She was shrill, she was backing away, and she started to stamp her feet.
"Well," I said firmly. "Just try."

As we were discussing how to put the written report together for their research project, I asked the kids not to use subtitles. We used subtitles in their webs for note-taking and I wanted to move away from that "look" for organization to a new look for the written report. My intention was to teach them not to write about one topic on each page, but to have "the story" flow, paragraph to paragraph. I mentioned this because I had kept this in mind from previous work. I was surprised that students had handed in some written work previously that followed a format that resembled one page, one main idea, one subtitle. I looked at "where they were" and was making some decisions about where next I might lead them and was planning my next teaching steps after looking at their work.

Initially, they had selected topics of their own, were to brain-storm questions of their own to begin their searches, researched the topic, made a web for their note-taking. My agenda included the teaching of the web and note-taking format. They decided what to research and how best to organize their information. We talked about the main ideas for topics and how the research resources they had consulted already had the information organized. Did this help? Were these organizers enabling us to find out what we really wanted to know? Were we using these organizers to help us find out or were we depending on these organizers to tell us what we wanted to know? We had some interesting discussions about how text gives us messages through the organizers we see. I called titles, subtitles, bold face print, maps, illustrations, charts, graphs, etc. as the "organizers."

We spent one class discussing how best to present their work. Many suggestions came forward -- dioramas, posters, audio tapes of interviews, mobiles, videos. Some asked if they could write "a report." We didn't negotiate the details of these various ways to present. I felt that they were working with enough concepts right now. Note-taking and organization on top of content was enough for now.

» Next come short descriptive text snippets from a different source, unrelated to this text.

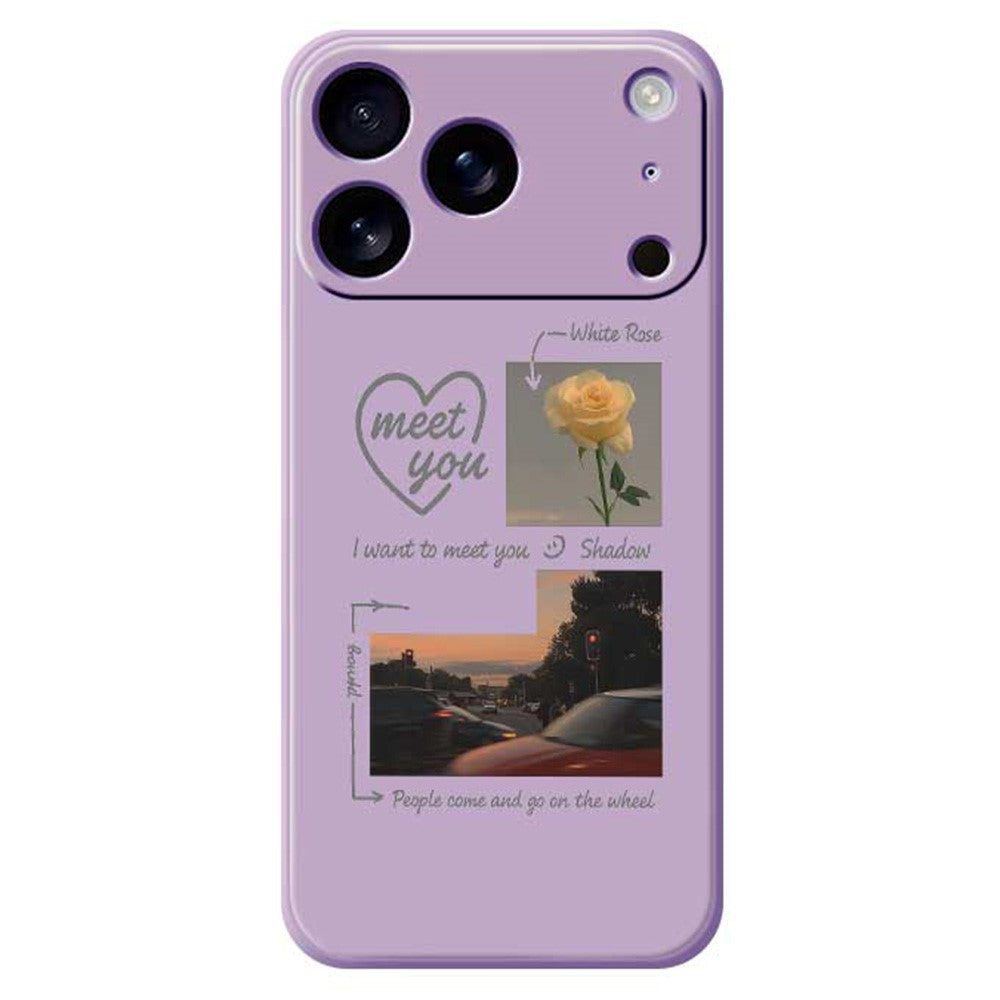 For iPhone 17 Pro Max Case Meet You Photo Pattern Printing Straight Edge TPU Phone Back Cover - Purple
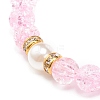 Acrylic Imitation Pearl Stretch Bracelet with Alloy Enamel Charms for Women BJEW-JB08447-8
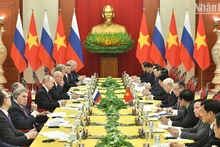 Quang cảnh cuộc hội đàm. (Ảnh: ĐĂNG KHOA)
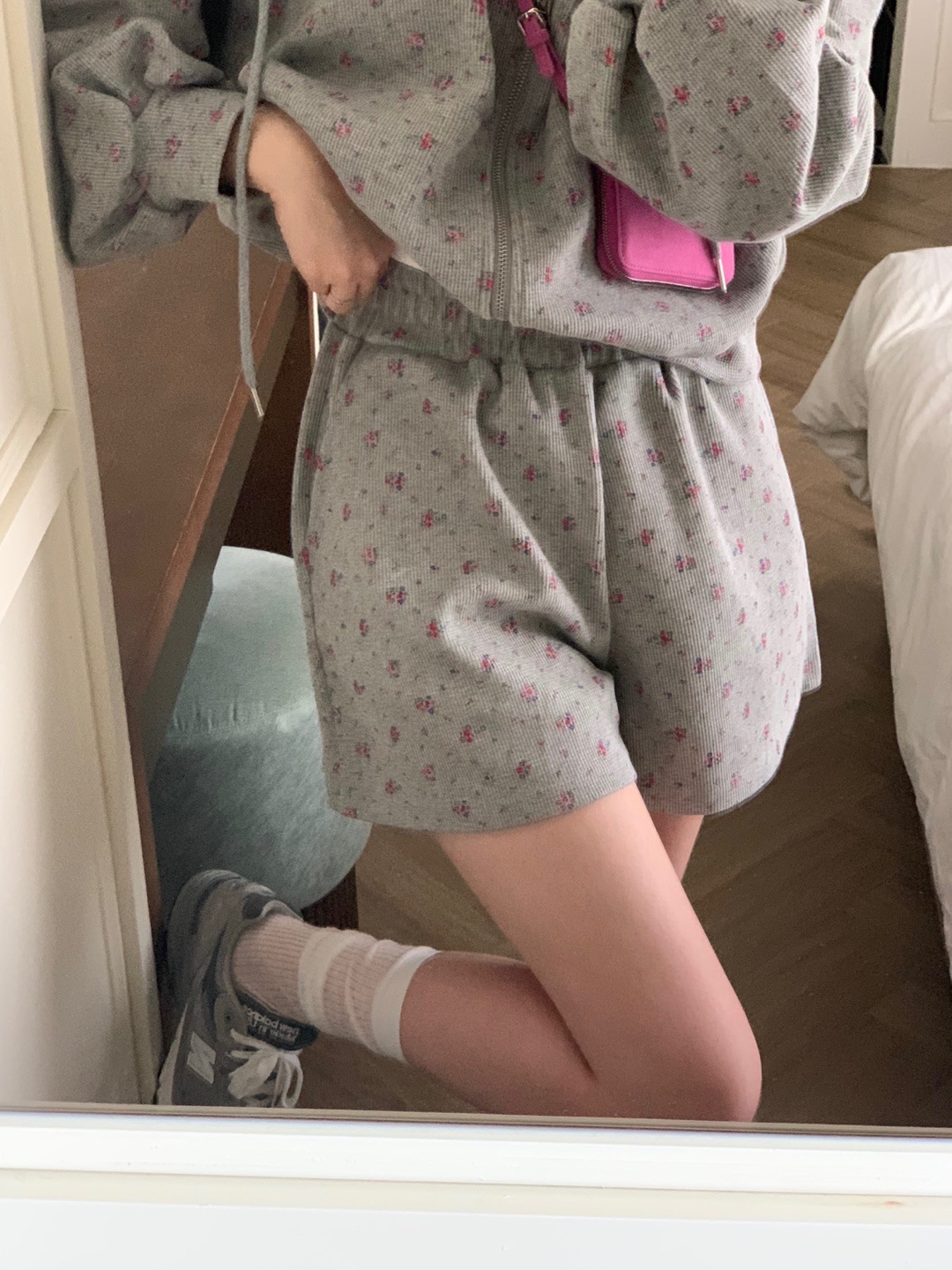 Long Sleeve Sweater Coat High Waist Wide Leg Shorts Two-piece Set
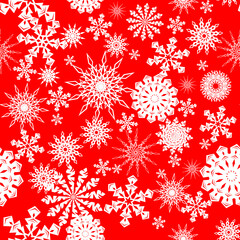 Naklejka na ściany i meble White snowflakes on a dark red background. Christmas. An endless pattern. For wrapping paper. Ideal for wallpaper, surface textures, textiles.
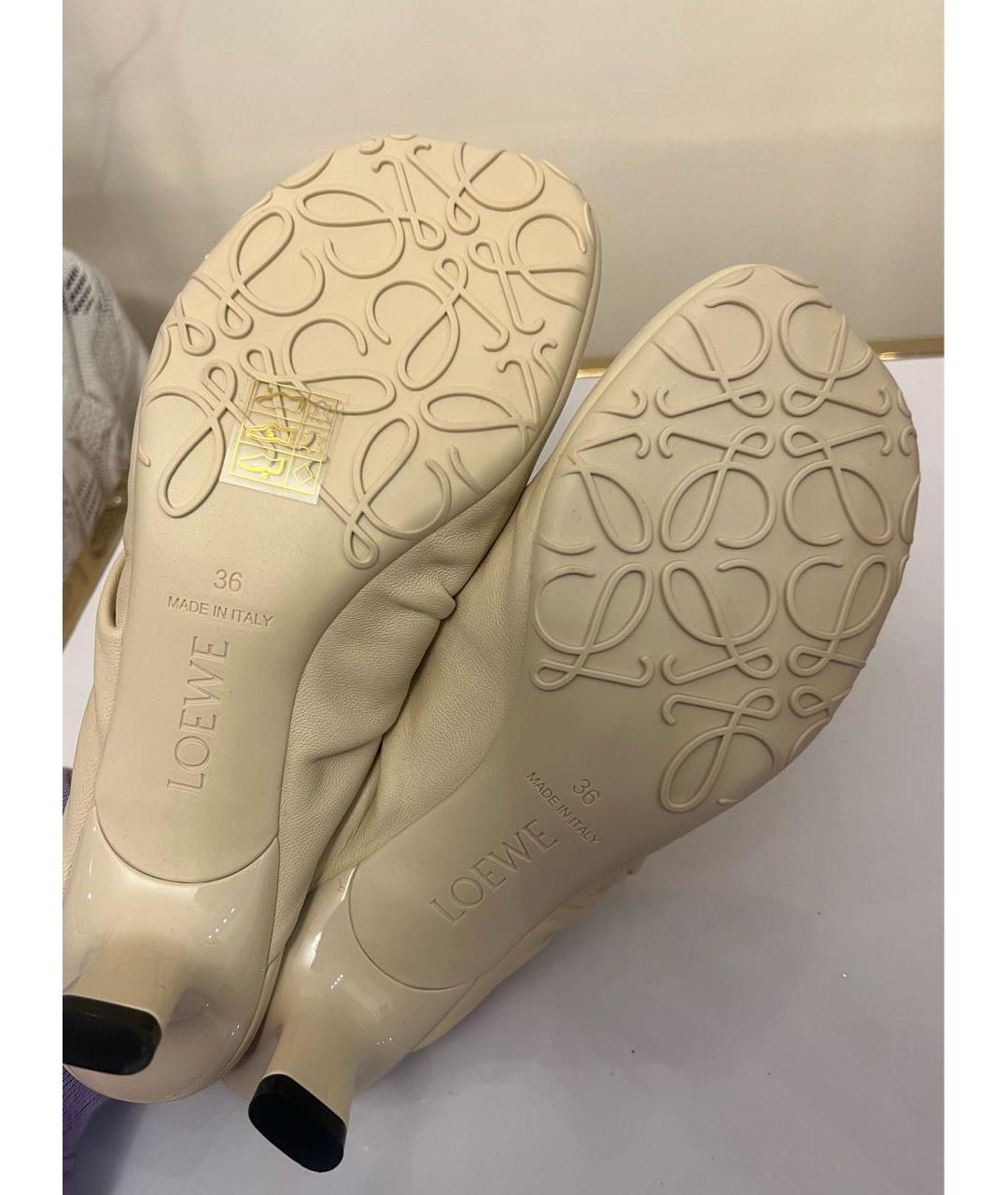 LOEWE Бежевые кожаные мюли, фото 5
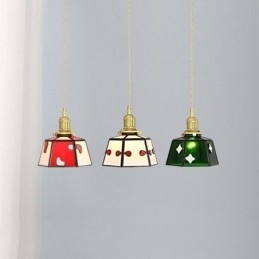 Fargerik Glassanhengslampe I Japansk Stil, Retro, Dekorativ Nattbordslampe
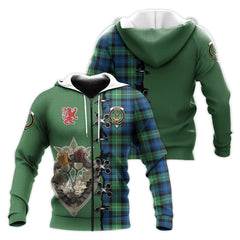 Gordon Ancient Tartan Hoodie - Lion Rampant And Celtic Thistle Style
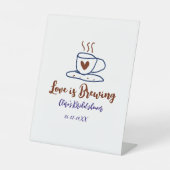 Love is Brewing brown blue bridal shower add name  台座サイン (正面)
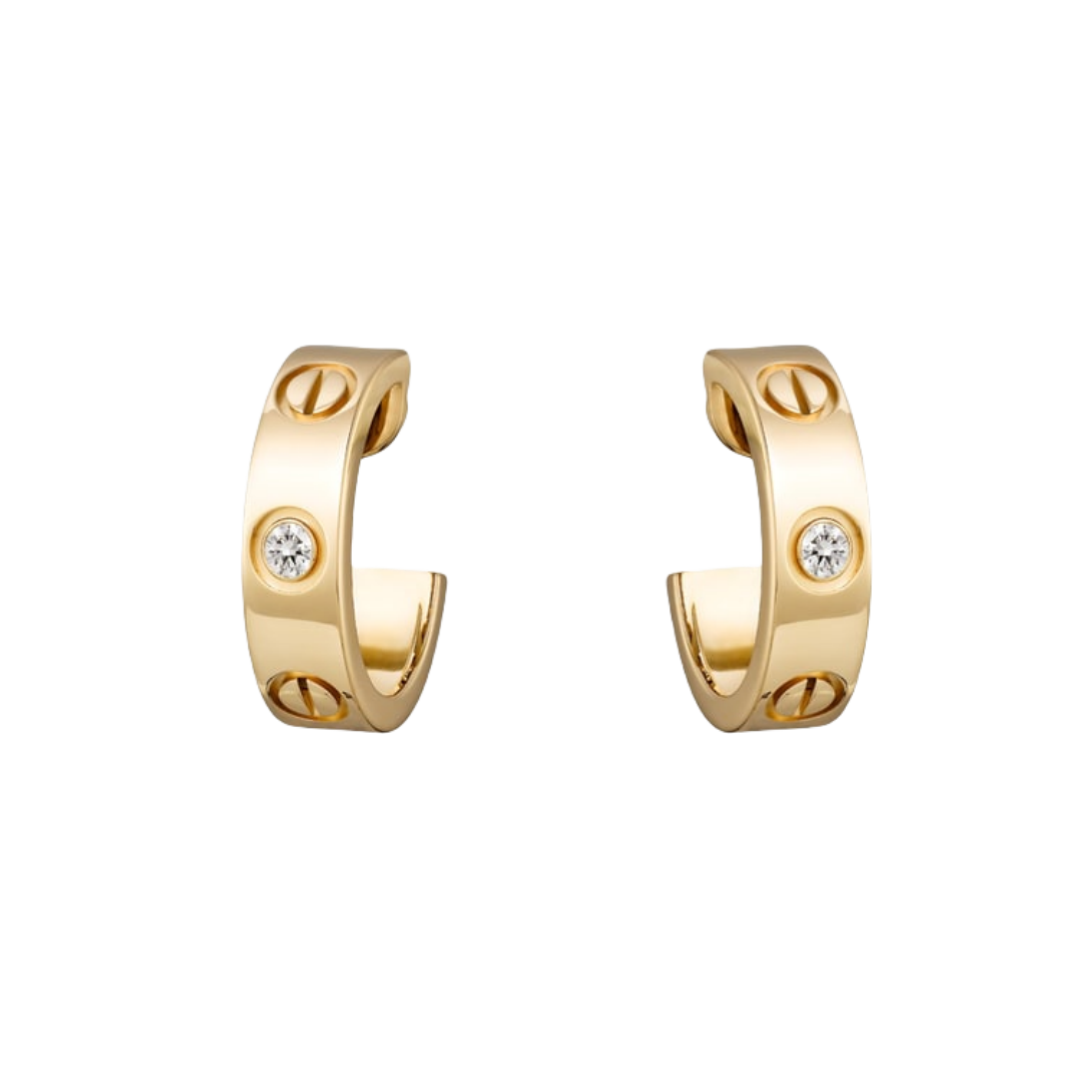 CTEV025 18K LOVE hoop earrings, classic model, diamonds 5.5mm - ccjewelryacc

We could revisit much of this later in further mini-lessons and various other activities. This is how I go about assessing their progress as their searches unfolded.

*****

During each independent study class time, I conference with each group or individual. Sometimes the short conference goes like this.

"Mrs. Thompson, can I go to the library to work? My references are there and I want to finish this one section?"
"O.K. What other help do you need?"
Sometimes, the conference is a lot longer. I usually begin with, "Last day you said that you wanted to finish"…. ( I consult my notes that I keep on each session, each group). What do you want to get done today? What can I do to help?"

I knew with Sara's choice of a written report, she was fairly secure with topic sentences and supporting details in paragraphs now and I was hoping that her comfort with this would help her create a piece to present that showed some organization of the ideas. I expected her to use her questions as organizers, but I knew there were obvious organizers such as geographic location, climate, animals, vegetation, cities, transportation links, etc. for the topic Sara had chosen. I didn't want to use the word "essay" so I used the word "story" when I showed how a piece of writing would look if there were no subtitles. I thought this might help to wean her away from this apparently ritualized style of "doing a project." I knew I was in trouble because we were moving into unfamiliar ground for her and I knew Sara well enough to predict her frustration with new things. She always had to be perfect, and when she was starting to feel not in control, not able to get this perfect the first time, anxiety loomed. Sara was in a panic!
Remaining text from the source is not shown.